Running Time: 92 minutes

“Whatever Works” does work, at least to a minor extent.

 

The same way that last month’s “The Proposal” was an average Sandra Bullock romp, meant mostly for her particular fans, the latest Woody Allen comedy may be only best appreciated by devotees of his trademark brand of sardonic, urban wit.

This time, his kindred misanthrope Larry David plays the protagonist who somehow manages to bag a barely legal Evan Rachel Wood as bride. It’s icky but, yet, not infrequently funny.

Come to think of it, Bullock buffs and Allen/David aficionados must live on near-opposite ends of the movie humor firmament. If you prefer your laughs from the broad, easy and sweet instead of the wry, condescending, and semi-intellectual, well then, you’ve never liked the bespectacled filmmaker or the “Curb Your Enthusiasm” star much anyway.

For the rest of us, this May-December romantic-comedy ranks in the mushy middle somewhere between the best (“Manhattan,” “Crimes and Misdemeanors”) and the worst output of the unbelievably prolific Allen.

He has made an average of about one film per year since the early 1970’s.
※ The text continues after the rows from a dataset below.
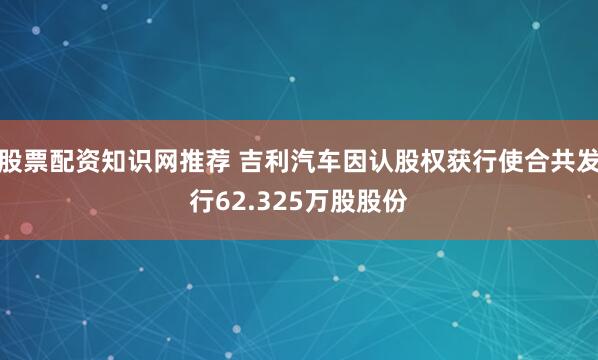 股票配资知识网推荐 吉利汽车因认股权获行使合共发行62.325万股股份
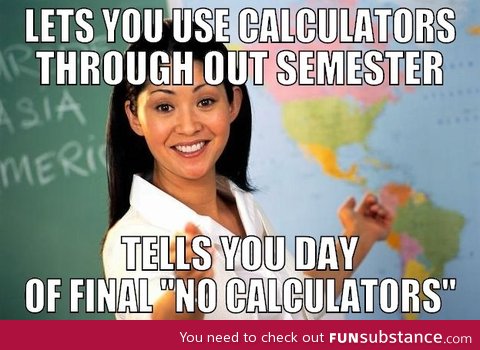 No calculators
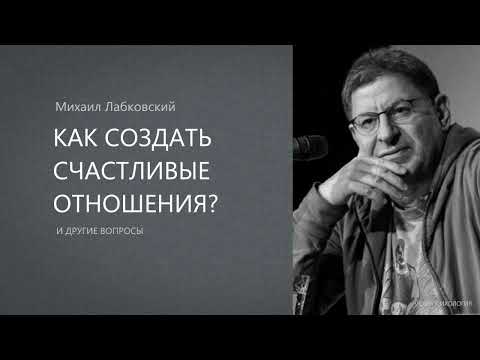 КАК СОЗДАТЬ СЧАСТЛИВЫЕ ОТНОШЕНИЯ? Михаил Лабковский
Which means he just likes to keep busy and probably doesn’t care that about half of his films have at least some true genius in them, about seven or eight of them just completely stink, and the rest can feel tossed-off or redundant but are diverting to one degree or another.

To wit: “Whatever Works.”

Even when the writer-director chooses not to star — as in today’s picture — he usually includes a hapless hero that serves as alter ego for his own quipping Jewish New Yorker persona. Thus, only in Allen’s world could Miss Wood’s dim-witted southern blonde hottie Melody be the one trying to charm into submission David’s limping, neurotic, broke and very, very old physicist Boris Yellnikoff.

The wacky conceit gets even wackier when Melody’s horrified, repressed parents Marietta (Patricia Clarkson) and John (Ed Begley Jr.) show up. But they can’t fight Manhattan’s decadence and soon succumb to artistic and professional liberation, orgies and homosexuality — not necessarily in that order.

The situations are silly; the stereotypes run thick. But Allen’s appealing ensemble and pithy dialogue keep it tolerable. Those familiar with the artist’s personal life may find his continuing on-screen obsession with younger women — which has been a recurring theme for thirty years — a little creepy.

Nevertheless, the icon confirms again here that he endures.